Stiles gets to his feet, lightheaded from sleep and frustration. “You can’t just waltz in here whenever you want, okay? I don’t know what’s going on, but I just want things to be vaguely normal for a little while before something happens and the shit hits the fan again, do you get that? But that’s not gonna happen, is it? Every time you have Scott give me a damn casserole, that’s just another little reminder.”
It’s the first time he’s actually said this, not just out loud, but to himself. It doesn’t matter how far they’ve come, how many hunters or alphas or giant rage lizards they’ve dodged, because at the end of the day it doesn’t matter. It doesn’t mean the biggest problems in their lives are suddenly going to be midterms and lacrosse again. There’s no going back now, and that’s a harder pill to swallow than anything in Stiles’s admittedly impressive history of pill-swallowing.
Stiles sits heavily back down on the edge of his bed and waits for the blackness to fade from his vision.
And Derek…is still there, lit up like a glamour shot in the glow from Stiles’s desk lamp. “Hey. Stiles. Breathe.”
As tempting as it is to do the exact opposite of anything Derek says, Stiles breathes.
“Scott’s lucky to have you.” Derek is still talking, like now is really the time for it. “But you need to look out for yourself, too. Being part of a pack means no one’s ever going it alone.”
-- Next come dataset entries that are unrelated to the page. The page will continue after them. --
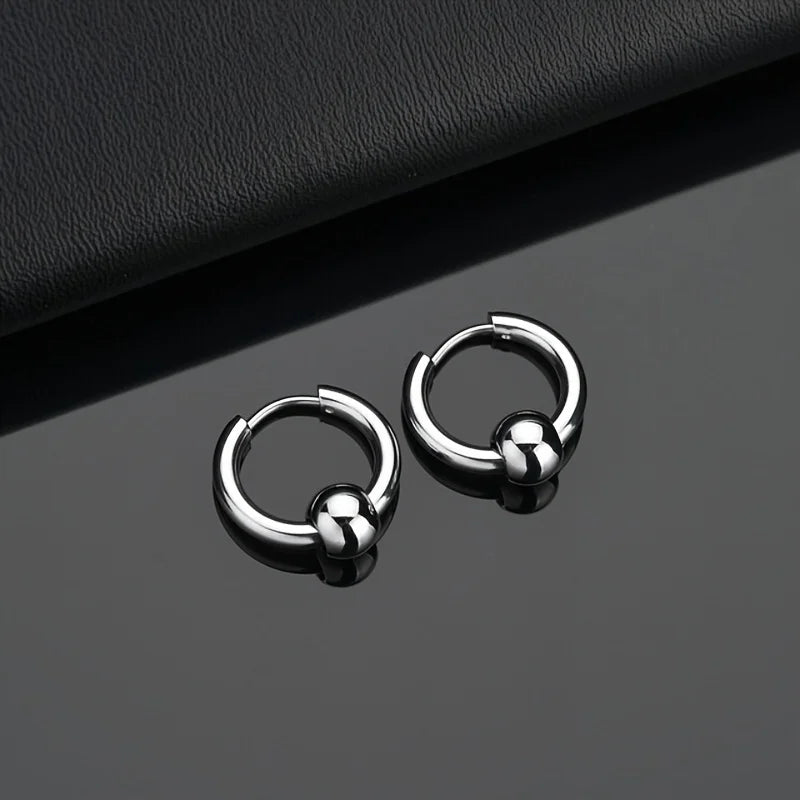 2pcs Stainless Steel Hoop Earrings For Men Small Circle Metal Ball Anti-allergic Ear Buckle Rock Hip Hop Artificial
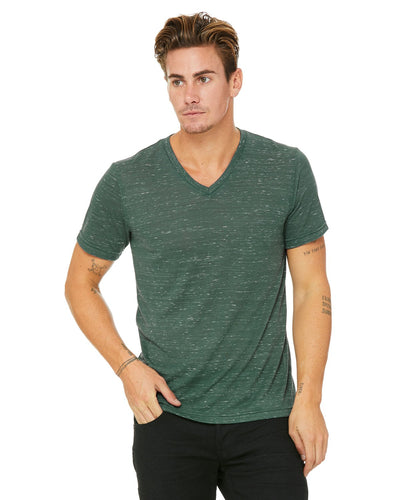 bella + canvas unisex jersey short sleeve v-neck t-shirt 3005 forest marble
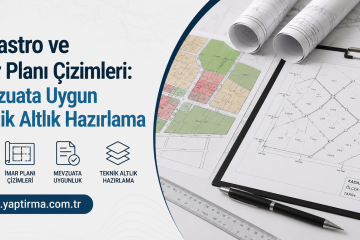 Turkish banner about cadastral and zoning plan drawings with rolled blueprints and the site cizim.yaptirma.com.tr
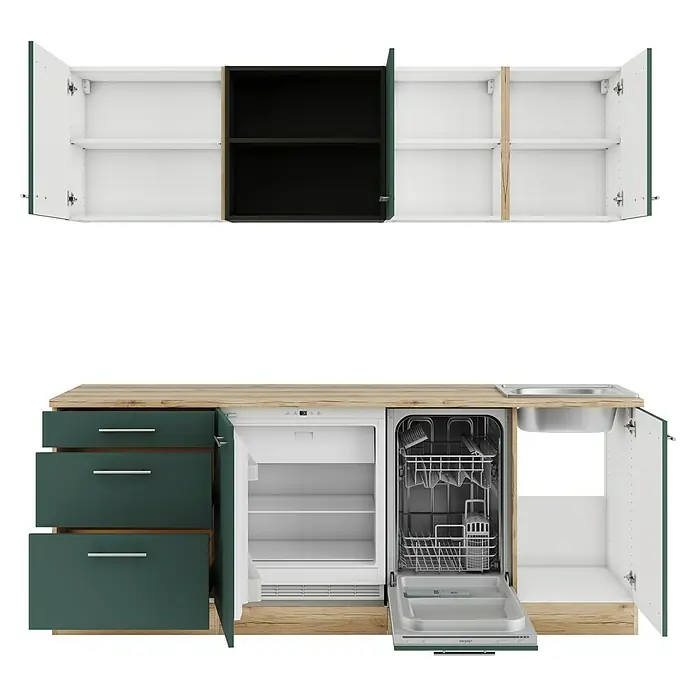 Optifit Savona405 Singleküche Typ 3 - Breite: 210 cm, Steingrün, Wechselseitig aufbaubar - Moderne Küchenzeile mit dunkelgrünen Unterschränken, Holzoptik-Arbeitsplatte, integriertem Kühlschrank, Geschirrspüler und weißen/schwarzen Oberschränken.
“Not sure I can deal with you getting all Obi-Wan Kenobi on me. You’re more of a Greedo, on a good day.” Stiles lifts his face out of his hands, and that’s when he notices the neatly covered plate sitting on his desk. “Okay. What’s that?”
“Lamb chops, Italian style.” Derek’s nostrils flare. “It smells like a food court in here. Do you ever eat anything that doesn’t come out of a box?”
“Don’t knock Hamburger Helper,” Stiles says darkly. “And I don’t get why you’re still here.”
“Keep up your strength, Stiles. You’ll need it.” Derek lays a hand on his shoulder, easily the most non-threatening way he’s ever touched him before. For a werewolf, he has immaculately clean fingernails.
Stiles blinks and he’s gone, like the whole weird-ass conversation was just a figment of his imagination, which it had damn well better not be since the last thing he needs is Derek Hale manifesting as his conscience.
The lamb chops, he has to grudgingly admit, are delicious.